PROBLEM TO SOLVE: Look through the material below and copy exactly the lines from the line with "Peterbald é um dos maiores gatos sem pelos" to the line with "Alluvia Wine Estate Hotel Stellenbosch", those two lines included.

SOURCE MATERIAL:
######

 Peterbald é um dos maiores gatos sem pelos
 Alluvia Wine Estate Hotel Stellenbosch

######

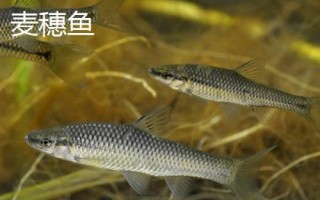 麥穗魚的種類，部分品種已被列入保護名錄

######

TASK RESULT:
 Peterbald é um dos maiores gatos sem pelos
 Alluvia Wine Estate Hotel Stellenbosch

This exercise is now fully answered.